Delegasi Kementerian Hukum dan HAM RI sebagai otoritas pusat penanganan kerjasama penegakan hukum MLA dan ekstradisi di Indonesia menyampaikan sejumlah update dan capaian yang telah dilakukan Indonesia dalam kurun waktu 2 (dua) tahun terakhir sebagai bentuk implementasi dari keanggotaan Indonesia dalam konvensi ini.

‘’Indonesia memiliki komitmen yang nyata dalam pemberantasan kejahatan lintas batas negara yang terorganisir melalui kerjasama internasional,” kata Tudiono.

Seperti yang disampaikan oleh Tudiono dalam statement yang dibacakan sebagai perwakilan Delri. Dalam statement yang dibacakan disampaikan pula bahwa komitmen tersebut tercermin dalam kebijakan Indonesia yang menetapkan Undang-Undang yang relevan bahkan sebelum UNTOC diratifikasi pada tahun 2009, serta peran aktifnya dalam kerjasama antar lembaga penegakan hukum serta di tingkat CA to CA.

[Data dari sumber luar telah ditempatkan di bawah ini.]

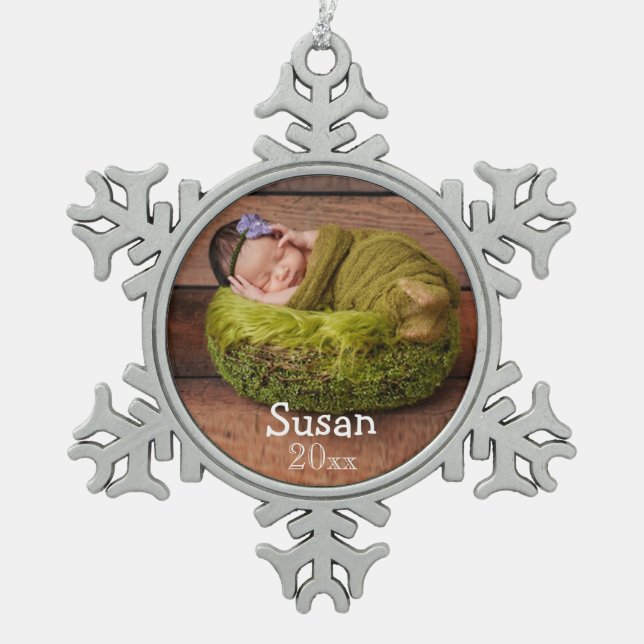 Personalisiert Holiday Foto Weihnachtsschmuck Schneeflocken Zinn-Ornament (Vorderseite)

“Kerangka hukum nasional Indonesia memberikan keleluasaan untuk ekstradisi dan MLA dilakukan atas dasar perjanjian multilateral seperti UNTOC bahkan tanpa adanya perjanjian bilateral”, lanjut Tudiono pada pembacaan statement Delri.

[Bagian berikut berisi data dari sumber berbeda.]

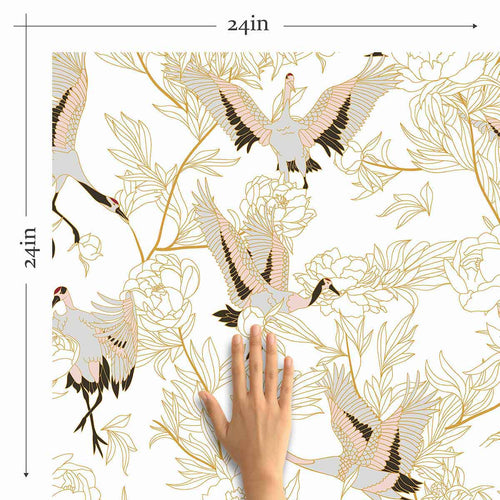 Beige Bird Peel and Stick Removable Wallpaper 5446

Indonesia, berdasarkan UNTOC, telah memberikan bantuan termasuk salah satunya melakukan bantuan penyitaan aset keluar negeri tanpa dasar perjanjian bilateral. Indonesia kemudian menegaskan bahwa tidak adanya perjanjian bilateral antar negara seharusnya tidak menghambat pemenuhan MLA atau permintaan ekstradisi.

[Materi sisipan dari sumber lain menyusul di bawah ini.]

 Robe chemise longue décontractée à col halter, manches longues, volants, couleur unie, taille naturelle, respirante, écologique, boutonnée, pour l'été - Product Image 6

“Sejak COP UNTOC terakhir di tahun 2018, Indonesia telah meratifikasi 3 perjanjian MLA bilateral dan menandatangani perjanjian bilateral dengan Swiss dan Rusia pada tahun 2019,” sambung Tudiono.

Pada statement tersebut Indonesia menggarisbawahi keberhasilan kerja sama MLA ditentukan oleh sejumlah faktor, misalnya dasar hukum kerja sama, interpretasi prinsip hukum, koordinasi antar dua sistem hukum yang berbeda, kemauan politik negara, kapasitas pemerintah pusat dan pihak berwenang serta sebagai sumber daya.

“Penting bagi negara pihak untuk menemukan cara untuk meminimalkan hambatan yang menunda pemberian bantuan dengan memberikan informasi tentang batasan minimum untuk menentukan keterkaitan antara tindak pidana dan aset, dan memungkinkan untuk pembekuan atau pengendalian aset dengan segera, bahkan sebelum dimulainya proses pidana,” tuturnya.

Share.

Comments are closed.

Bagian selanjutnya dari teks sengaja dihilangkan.